Lilith's recorded story begins with Innana, granddaughter
of Ninlil, who was the
"Queen of Heaven" in early Sumeria. The legend of Innana and Enki told
of the sacred sexual customs that were one of Innana's gifts to
civilize the
people of Erech. Here, the holy women of the temple were known as the
nu-gig,
the pure and spotless virgin priestesses. They took as their lovers the
members
of the community who came to the temple to worship the Goddess and to
receive a
healing.

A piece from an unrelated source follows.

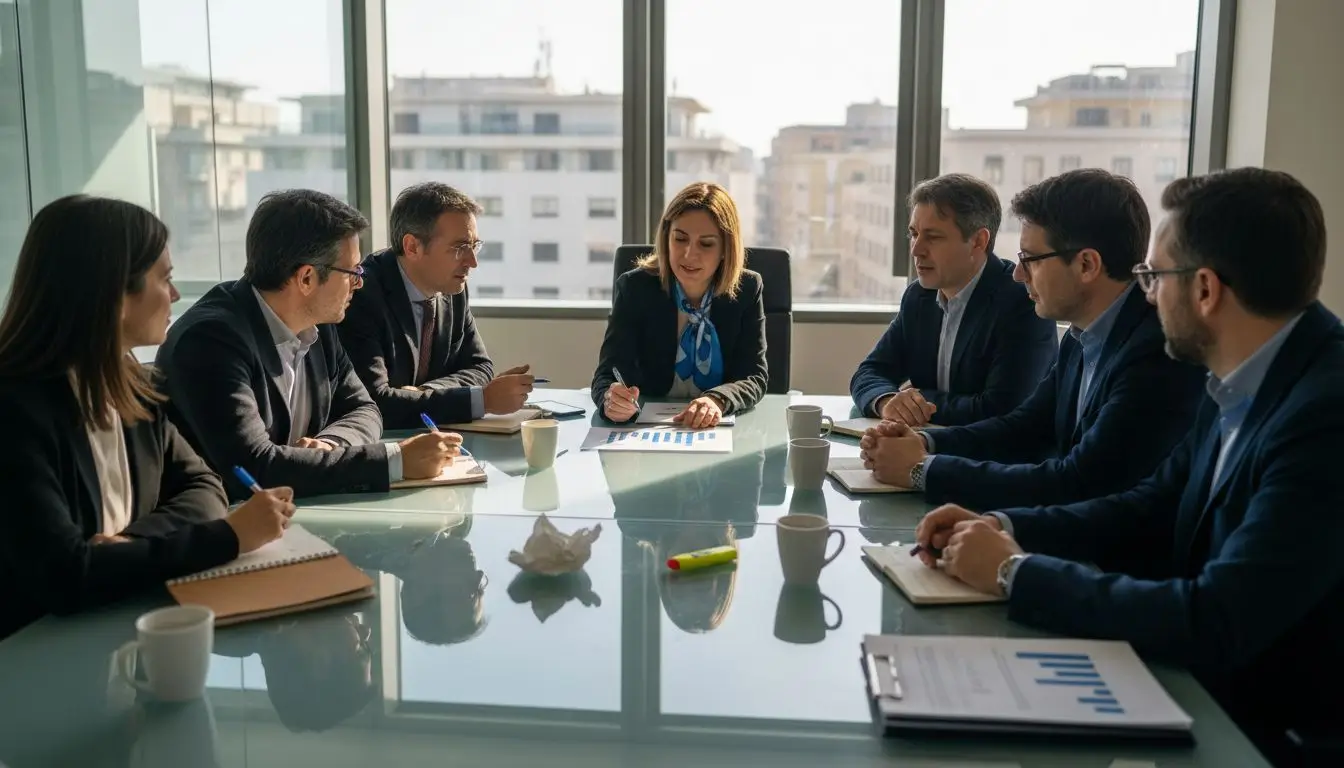 Riunione di squadra dedicata al confronto sulle misure di sicurezza sul lavoro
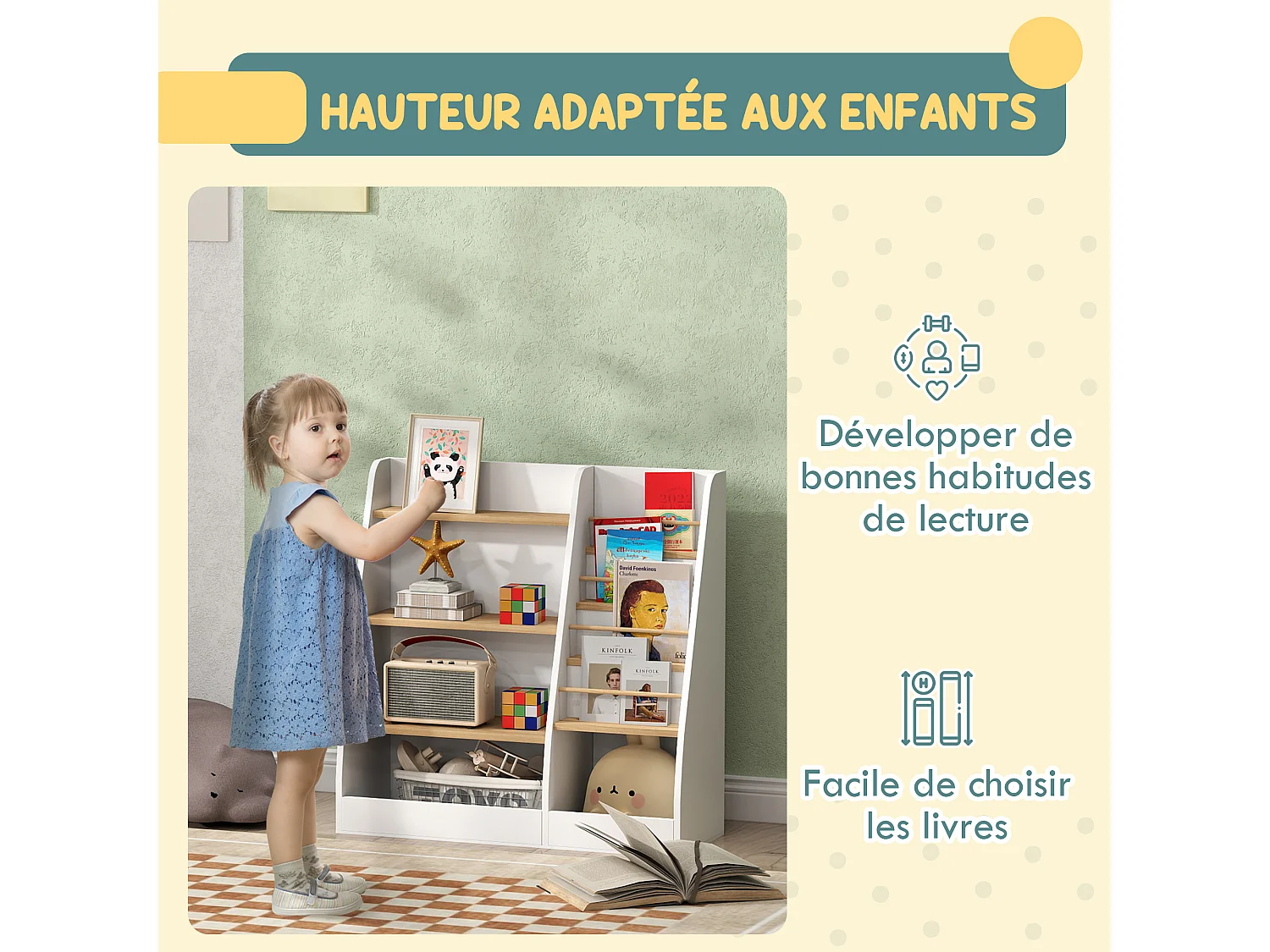 Bibliothèque enfant style nordique - 7 étagères, 2 niches - MDF blanc bois de pin clair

At this time Lilith's name is recorded as a young maiden, the
"hand of Innana," who gathers the men from the street and brings them
to the temple at Erech for the holy rites.
Between 3000 BCE and 2500 BCE the ancient Sumerian
culture began to interface
with the coming of the patriarchy. As the patriarchy moved to overtake
the reign
of the Goddess, they first needed to sever the people from the
Goddess's vast
power, which was centered in her inner temple of sacred sexual love. In
order to
accomplish this task the patriarchy rejected and suppressed the sexual
rites of
the Goddess religion. Like the denied shadow when projected, women's
sexual
power became demonized as a force of evil. Over the centuries the young
maid
Lilith, who first approached the men to take them to Innana's holy
temple,
became in patriarchal culture the embodiment of everything that was
evil and
dangerous in the sexual realm. She especially catalyzed men's worst
fears
concerning the sexual power of the feminine.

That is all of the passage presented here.